**Data extract:**
>>>

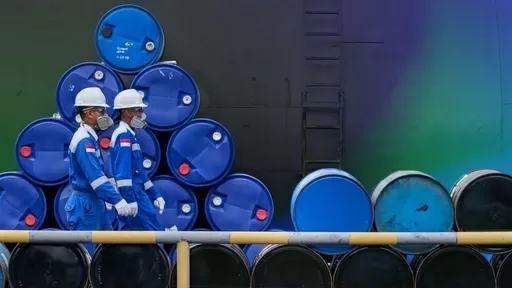 Elnusa Petrofin Gelar...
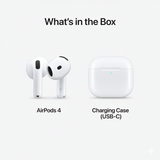 AIRPODS4 (TYPE C)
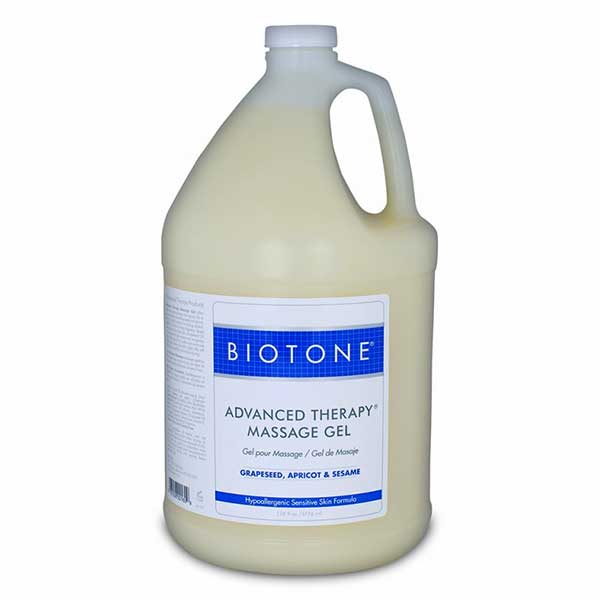 Biotone Advanced Therapy Massage Gel 1 Gallon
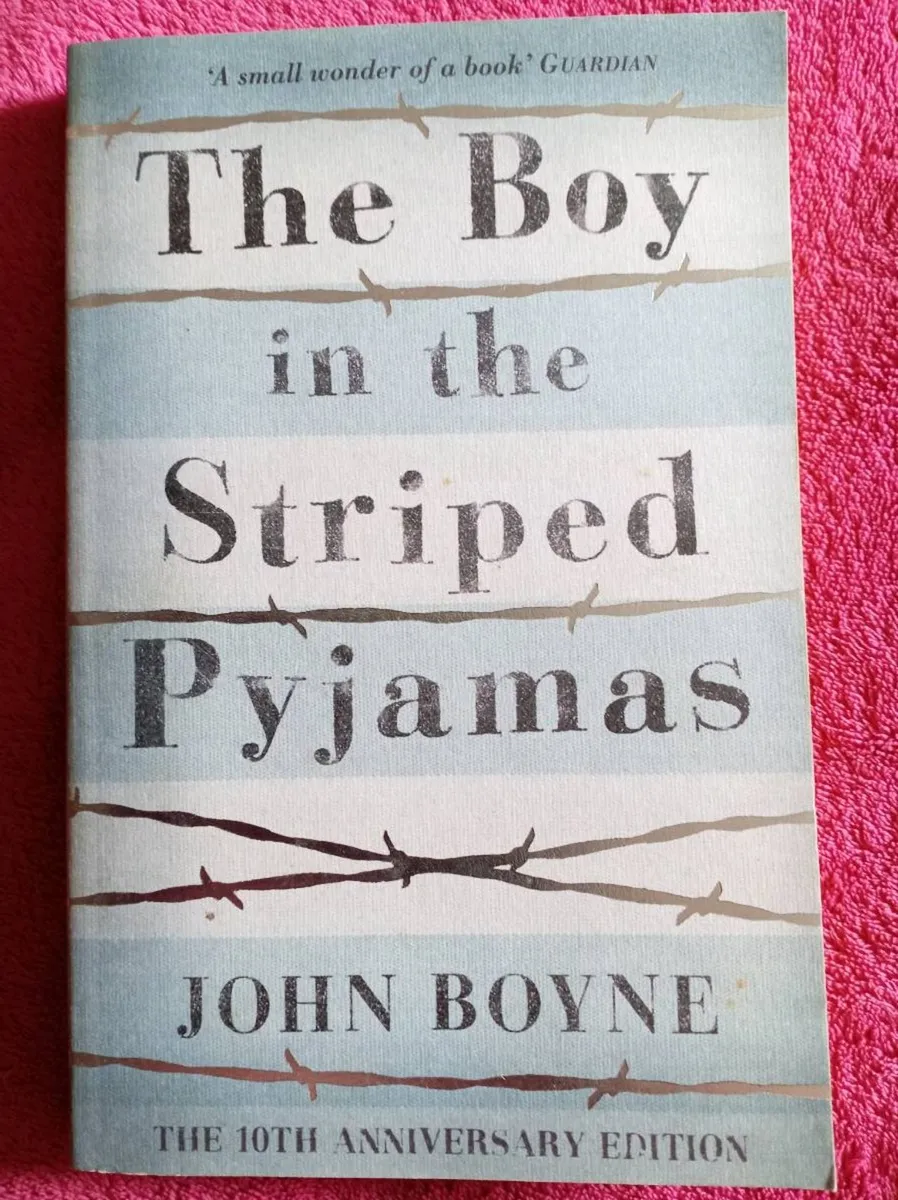 The boy in the Striped Pyjamas - Book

<<<

**What to work on:** With the pictures removed, output the listing above exactly.

**Task result:**
 Elnusa Petrofin Gelar...
 AIRPODS4 (TYPE C)
 Biotone Advanced Therapy Massage Gel 1 Gallon
 The boy in the Striped Pyjamas - Book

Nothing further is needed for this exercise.